Artistic Encounters | ARTIVISM AND DECOLONIZATIONS by Icaro October 16, 2024 0 News

Artistic Encounters | ARTIVISM AND DECOLONIZATIONS

October 17th 2024

Hangar – Centro de Investigação Artística

12 Damasceno Monteiro Street, Lisbon

Curated by Maria do Carmo Piçarra

Support: Calouste Gulbenkian Foundation, DGArtes, Portuguese Republic – Culture

Partnerships with Africa, School of Arts – Autonomous University of Lisbon, Hangar – Artistic Research Center, Cinemateca Portuguesa-Museu do Cinema, Fondazione Archivio Audiovisivo del Movimento Operaio e Democratico (AAMOD).

© Augusta Conchiglia

11:00 – 11:30 am – Daniel Barroca & Catarina Laranjeiro: O Chão é Lava!

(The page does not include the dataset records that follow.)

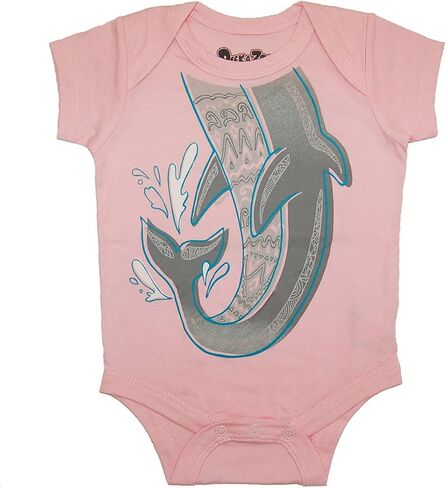Become an Animal Super Soft Short Sleeve Onesie Bodysuit for Baby + Infant (0-24M) in Kuwait
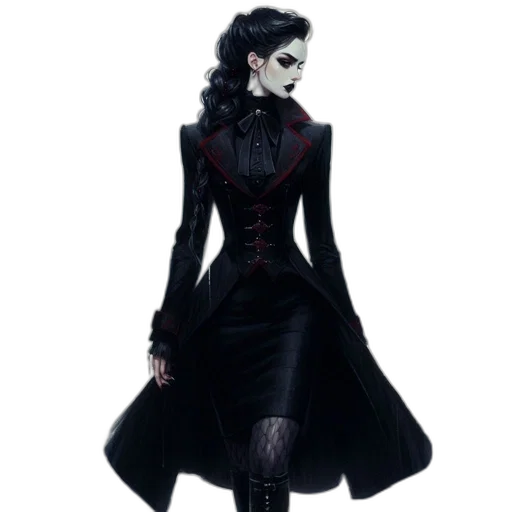 dress, concept art, fantasy art, comic book art transparent PNG cut-out
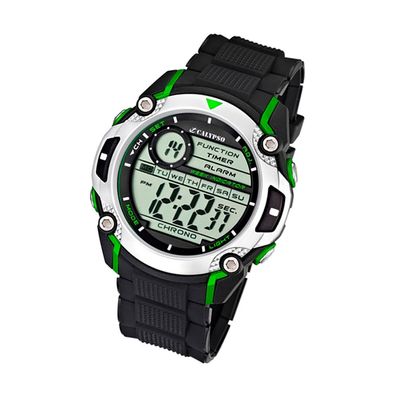 Calypso Kunststoff PUR Herren Uhr K5577/3 Armbanduhr schwarz Digital UK5577/3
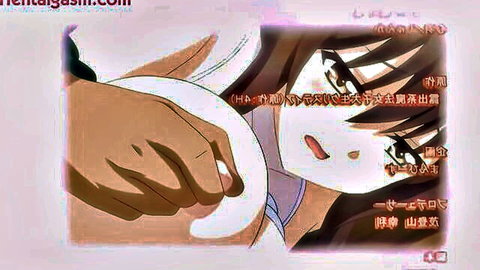 Hentai Christhea in white dress gets tits squeezed by hand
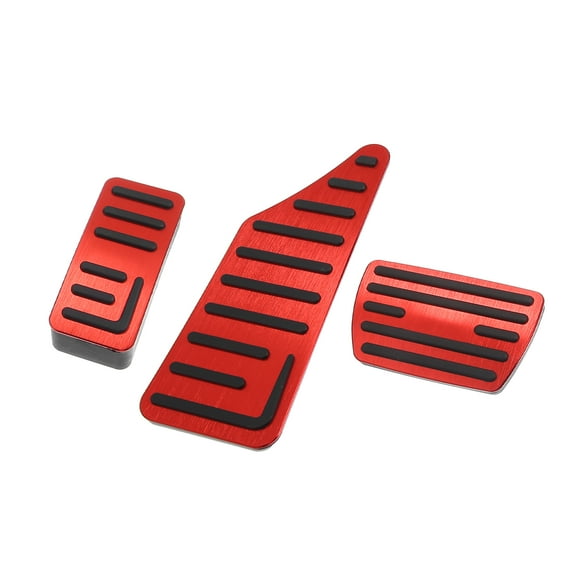 3 Pcs Car Gas Accelerator Brake Foot Rest Pedal Cover Pad for Honda HR-V 2021-2023 Antislip Red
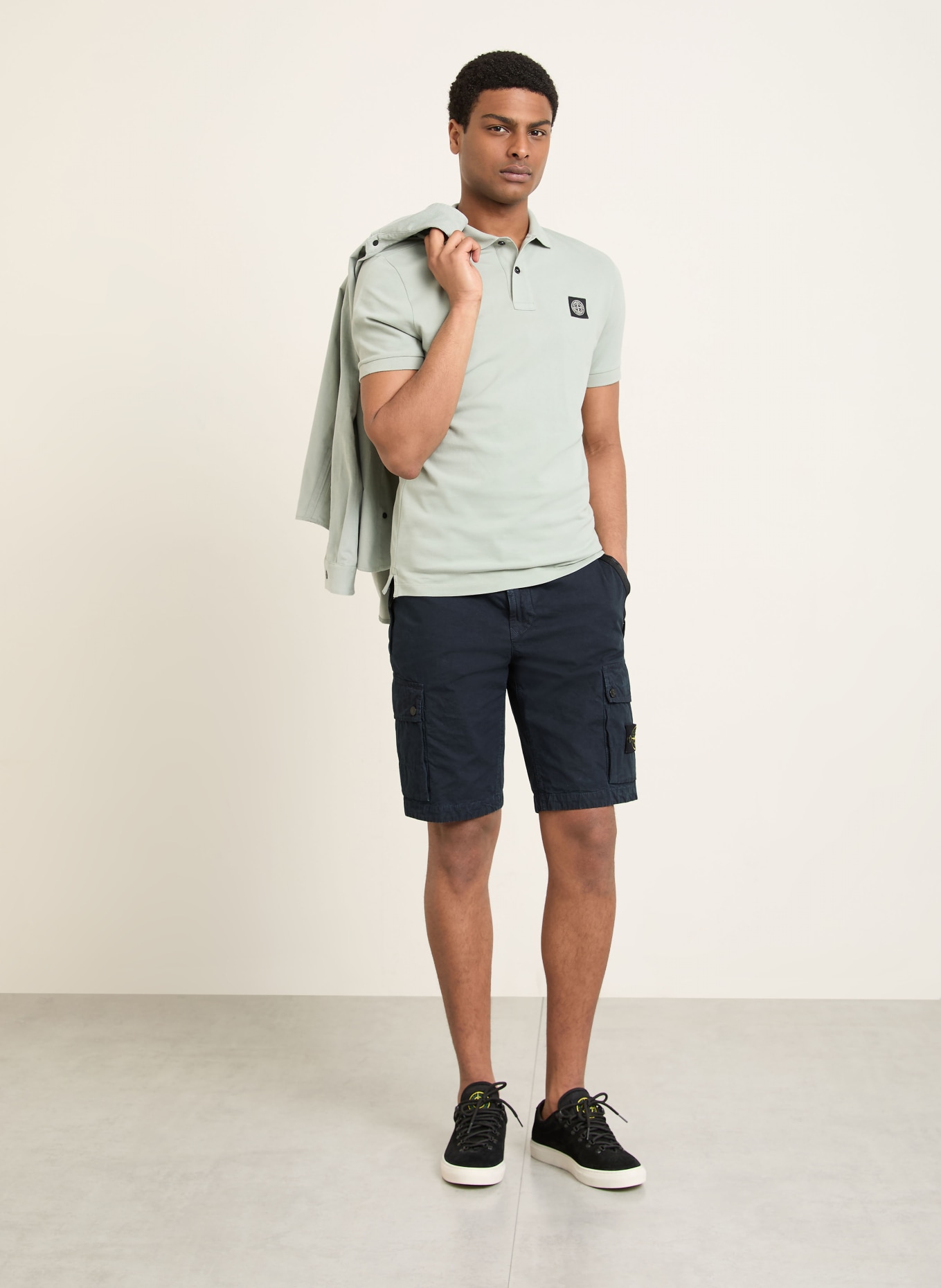 STONE ISLAND Koszulka polo z piki: JASNOZIELONY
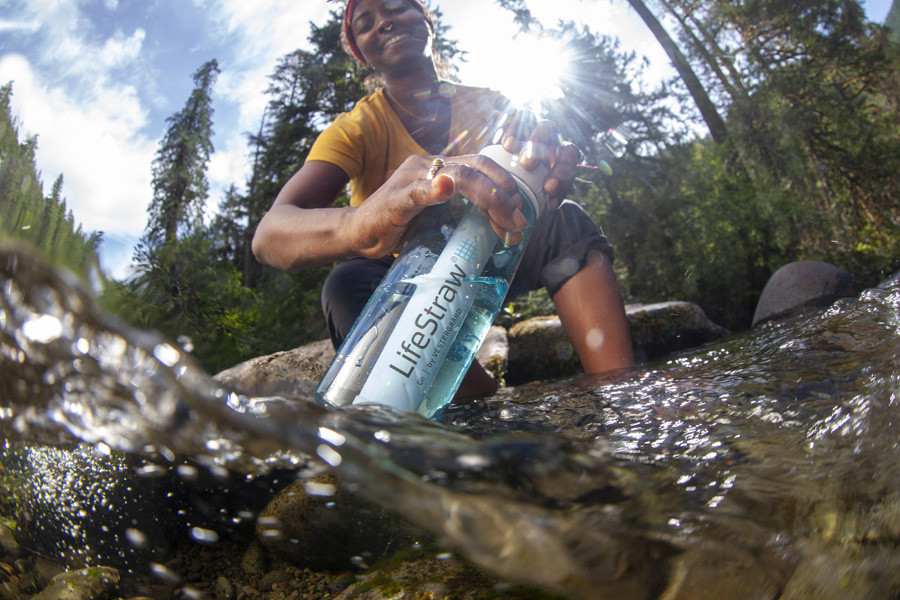 Lifestraw Go Tritan Renew Travel Water Filter Bottle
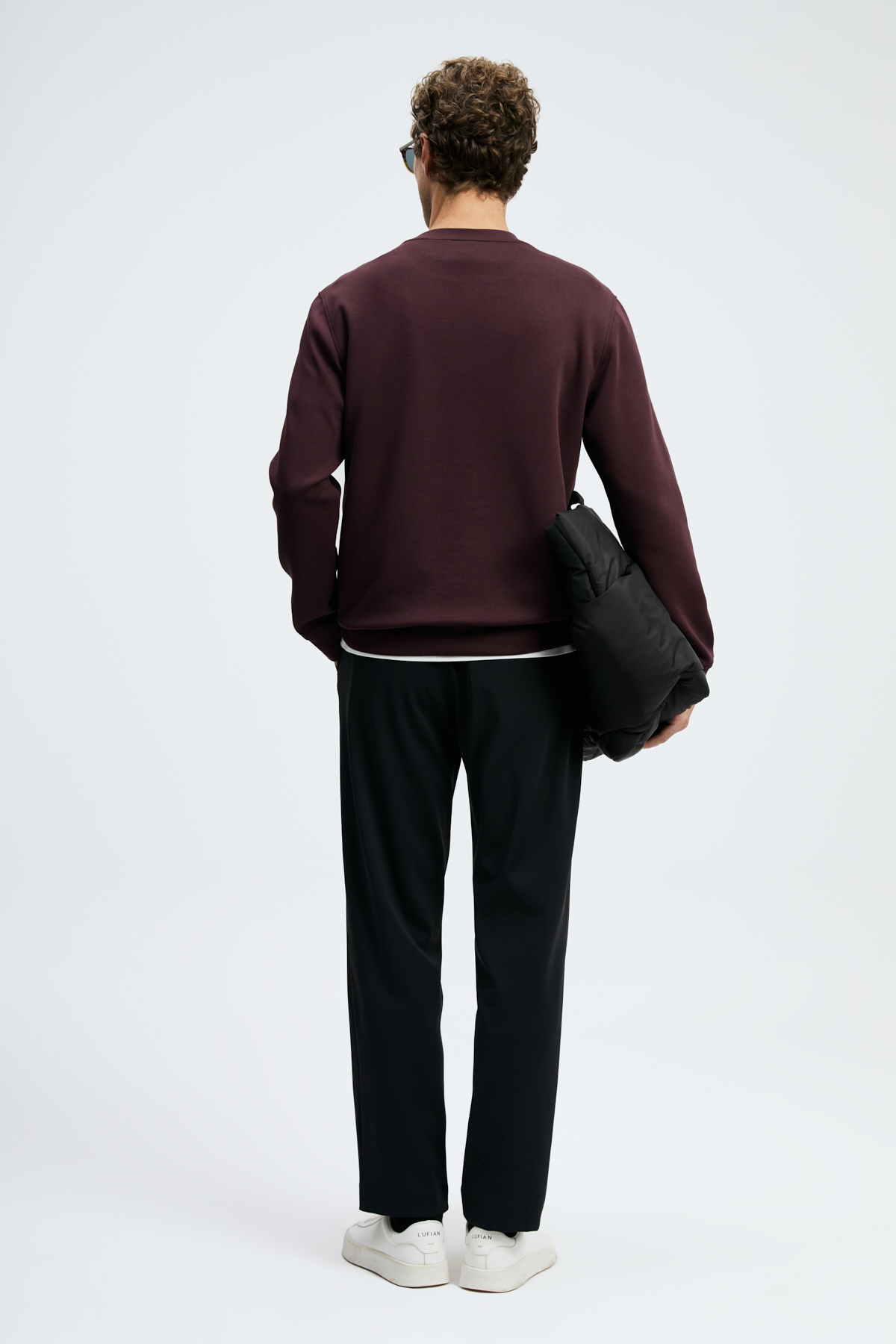 Grand Erkek Sweatshirt Mor — بنفش 112030192 — تصویر 6 از 6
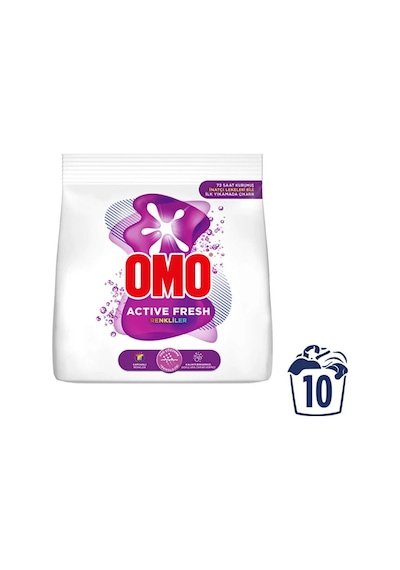 Omo Toz Çamaşır Deterjanı 1,5 Kg 10 Yıkama Color 9'li Paket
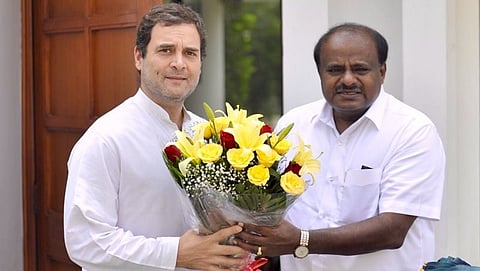 ರಾಹುಲ್ ಗಾಂಧಿ, ಎಚ್. ಡಿ. ಕುಮಾರಸ್ವಾಮಿ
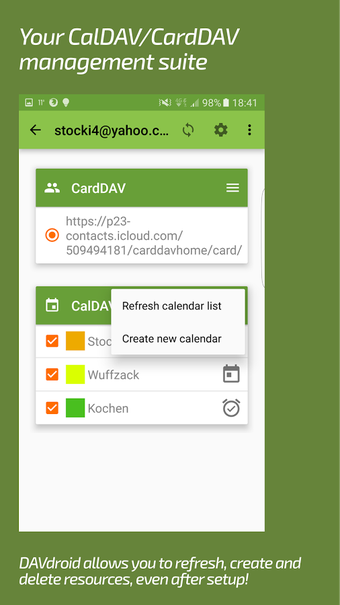 Imagen 1 para DAVdroid - CalDAV/CardDAV…
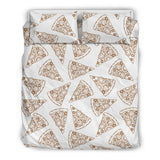 Hand Drawn Pizza Pattern Bedding Set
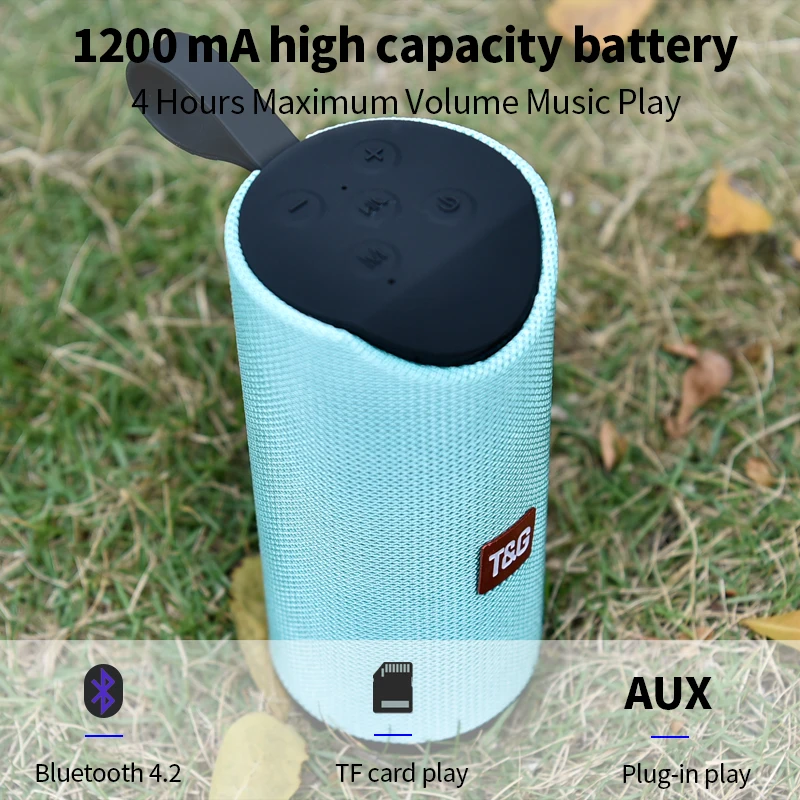 Bluetooth Speaker Portable Outdoor Loudspeaker Wireless Mini Column 3D 10W Stereo Music Surround Support FM TFCard Bass Box
Bluetooth Speaker Portable Outdoor Loudspeaker Wireless Mini Column 3D 10W Stereo Music Surround Support FM TFCard Bass Box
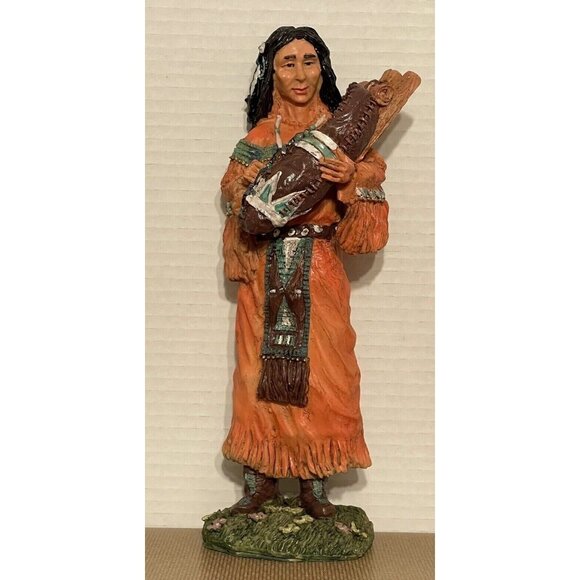 Old West Visions Set of 2 Limited Edition 11" Figurines Sculptures - Picture 7 of 11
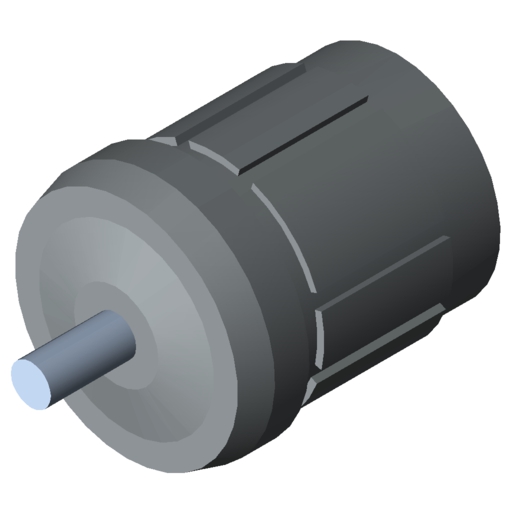 0.0.673.67 Conveyor Roller TR30, Bearing Flange D27 D5, grey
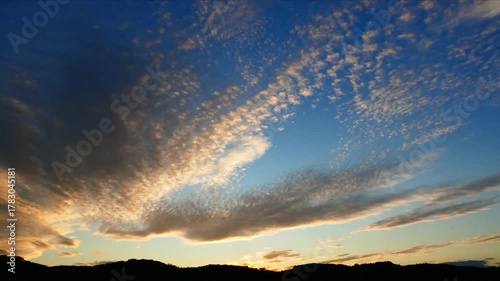 美しい夕暮れの光景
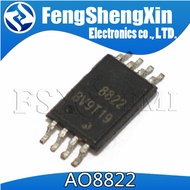 10pcs  AO8822 A08822 8822 TSSOP-8 20V Common-Drain Dual N-Channel Mosfet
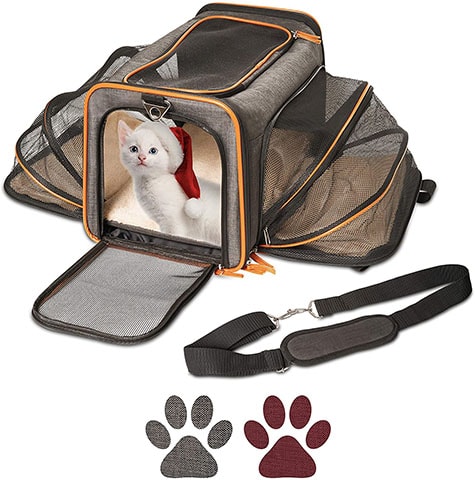 Petpeppy.com The Original Airline Approved Expandable Pet Carrier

O Chão é Lava! [The Floor is Lava!] was the title suggested by Sara Santos for this exhibition in which the artist presents iconic buildings in Cacém forming a corner with a blanket map where she has been inscribing a subjective geopolitics of Europe. In another nucleus, Europe pretends to be Africa. Amateur film directors, such as João Pereira (Tikai) and Nelca Lopez, imagine themselves in their home countries while being in the suburbs of Lisbon. In parallel, the temporality of the War in Guinea-Bissau, seen through the eyes of José Estima, a former Portuguese soldier, dialogues with images of the Kyangyang messianic movement, by Ramon Sarró and Marina Temudo, and arranged by Ana Temudo.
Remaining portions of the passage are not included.